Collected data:

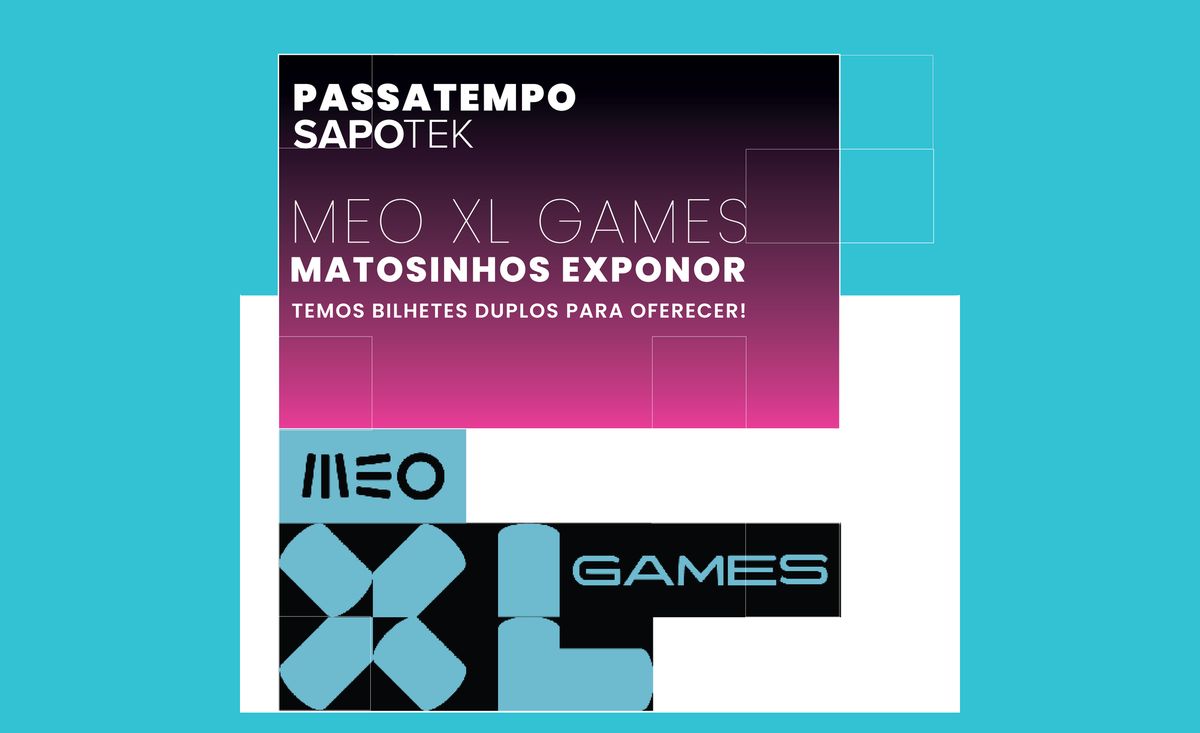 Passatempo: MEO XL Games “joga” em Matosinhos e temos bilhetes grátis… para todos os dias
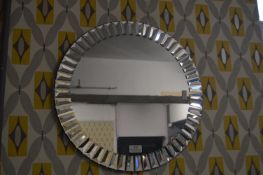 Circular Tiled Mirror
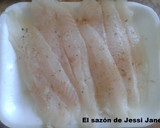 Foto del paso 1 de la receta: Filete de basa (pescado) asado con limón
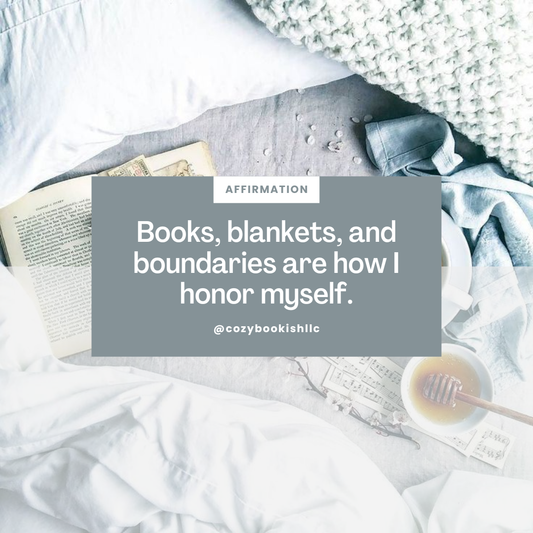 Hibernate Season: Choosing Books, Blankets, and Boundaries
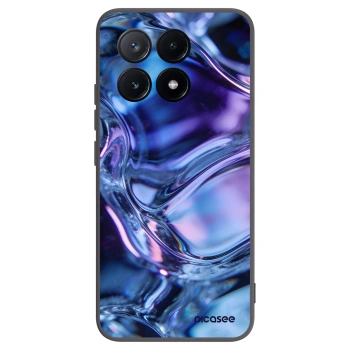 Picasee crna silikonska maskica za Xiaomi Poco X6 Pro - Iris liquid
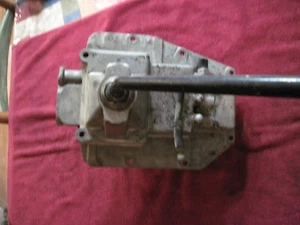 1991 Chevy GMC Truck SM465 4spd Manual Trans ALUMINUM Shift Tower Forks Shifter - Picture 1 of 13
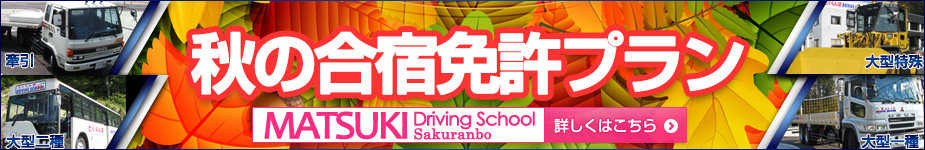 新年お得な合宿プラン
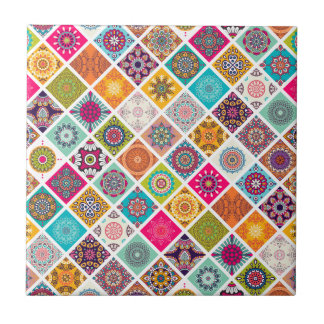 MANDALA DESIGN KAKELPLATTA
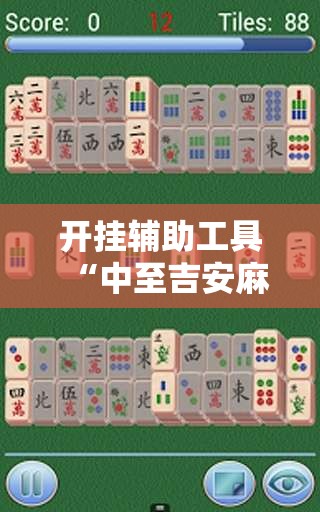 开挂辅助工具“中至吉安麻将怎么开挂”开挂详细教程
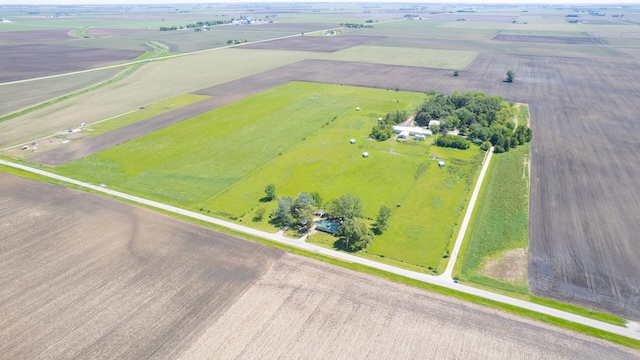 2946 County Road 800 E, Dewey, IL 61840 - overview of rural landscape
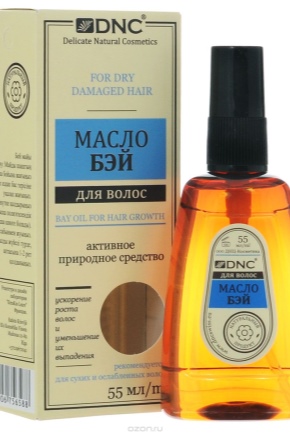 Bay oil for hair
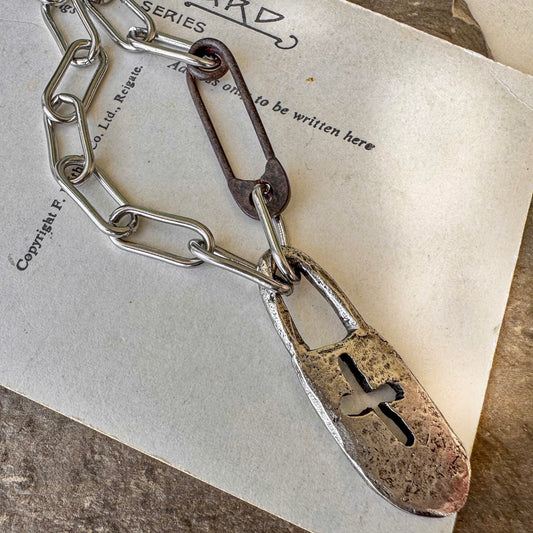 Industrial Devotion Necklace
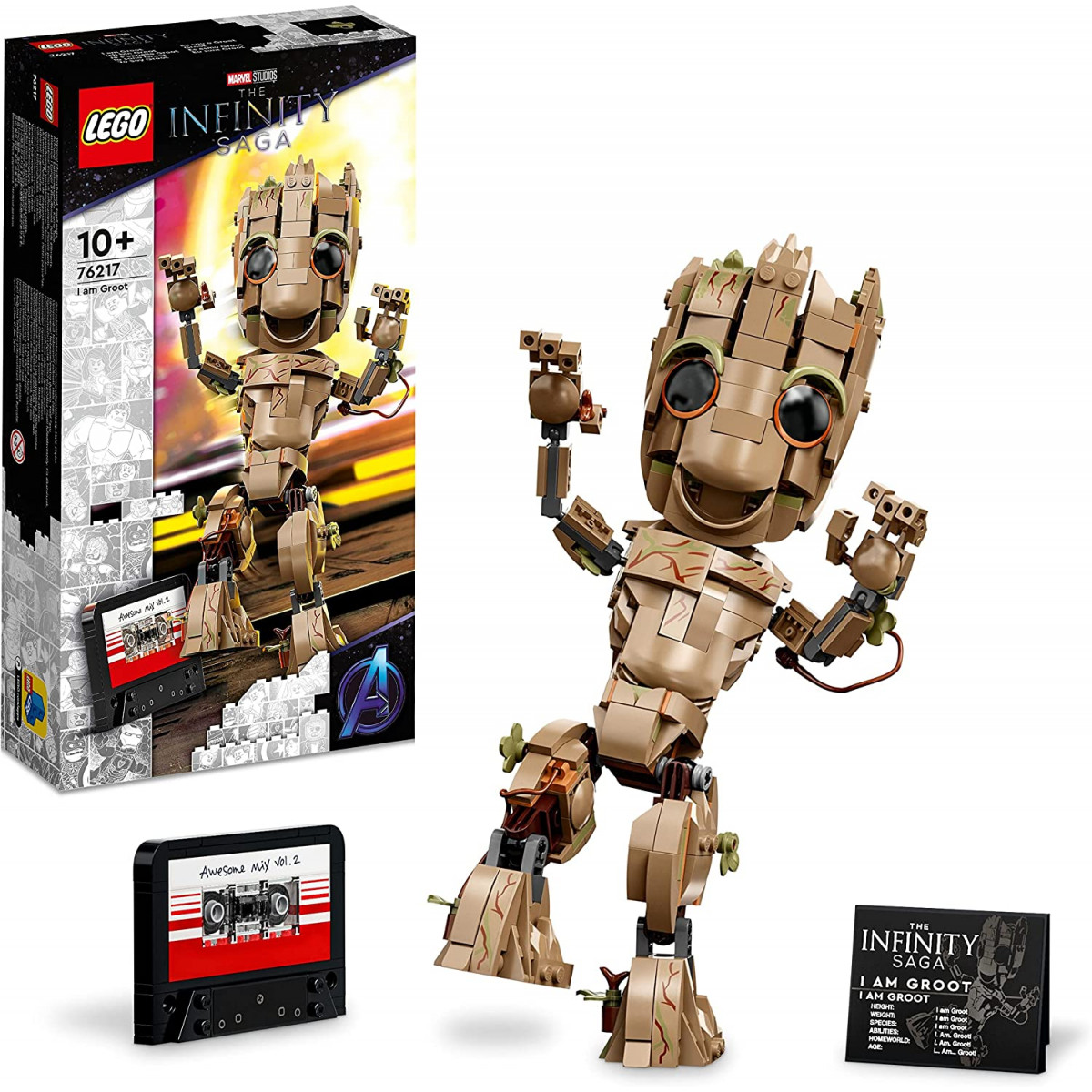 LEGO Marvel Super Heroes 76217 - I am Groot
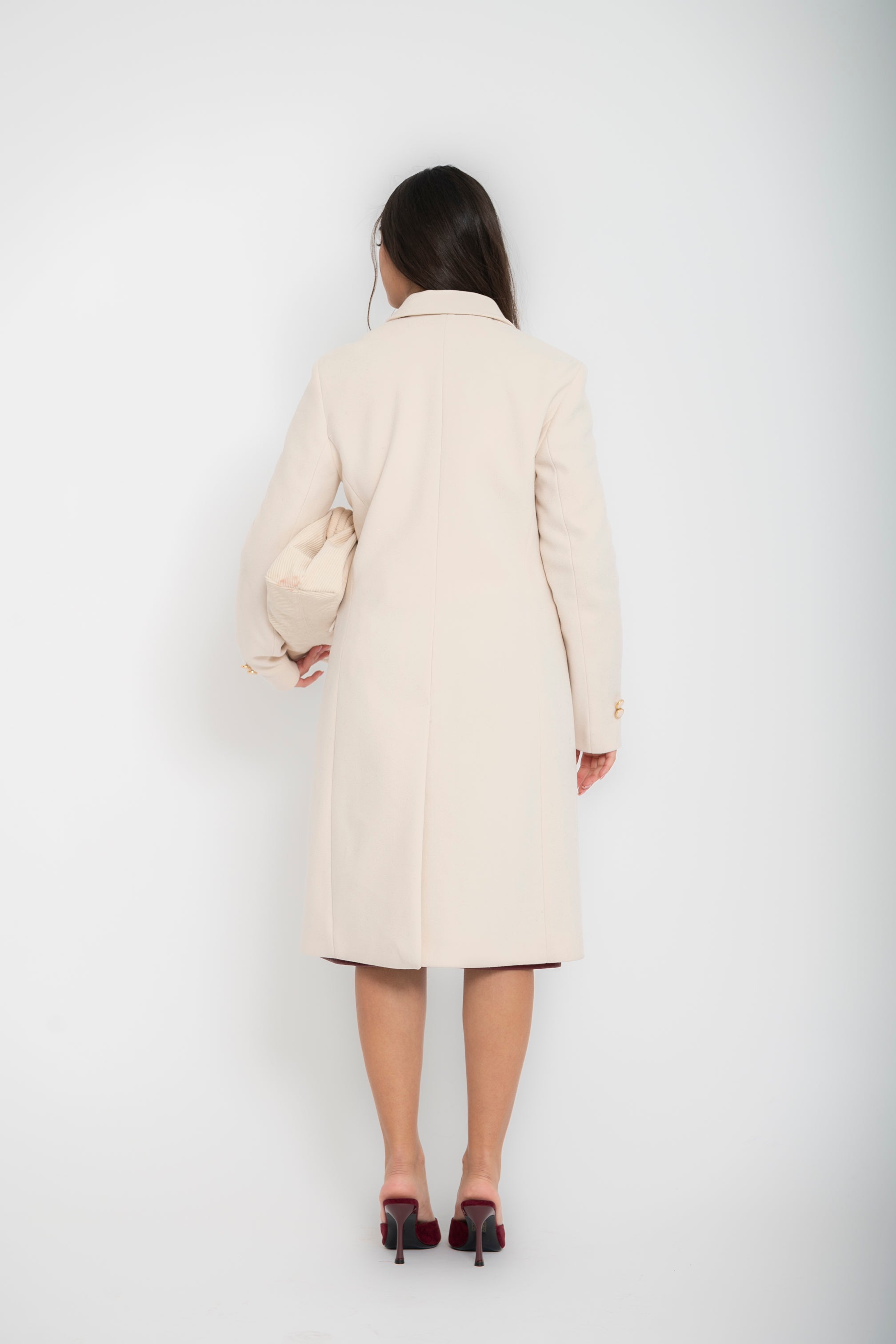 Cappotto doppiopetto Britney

WHAT YOU HAVE TO DO - Beginning with the line that contains "Foto del paso", reproduce every line through the end of the records above exactly, leaving pictures out.

RESULT FOR THIS EXERCISE -
 Foto del paso 1 de la receta: Filete de basa (pescado) asado con limón
 Hibernate Season: Choosing Books, Blankets, and Boundaries
 Picasee crna silikonska maskica za Xiaomi Poco X6 Pro - Iris liquid
 1991 Chevy GMC Truck SM465 4spd Manual Trans ALUMINUM Shift Tower Forks Shifter - Picture 1 of 13
 新年お得な合宿プラン
 MANDALA DESIGN KAKELPLATTA
 开挂辅助工具“中至吉安麻将怎么开挂”开挂详细教程
 2946 County Road 800 E, Dewey, IL 61840 - overview of rural landscape
 Bay oil for hair
 Industrial Devotion Necklace
 LEGO Marvel Super Heroes 76217 - I am Groot
 Cappotto doppiopetto Britney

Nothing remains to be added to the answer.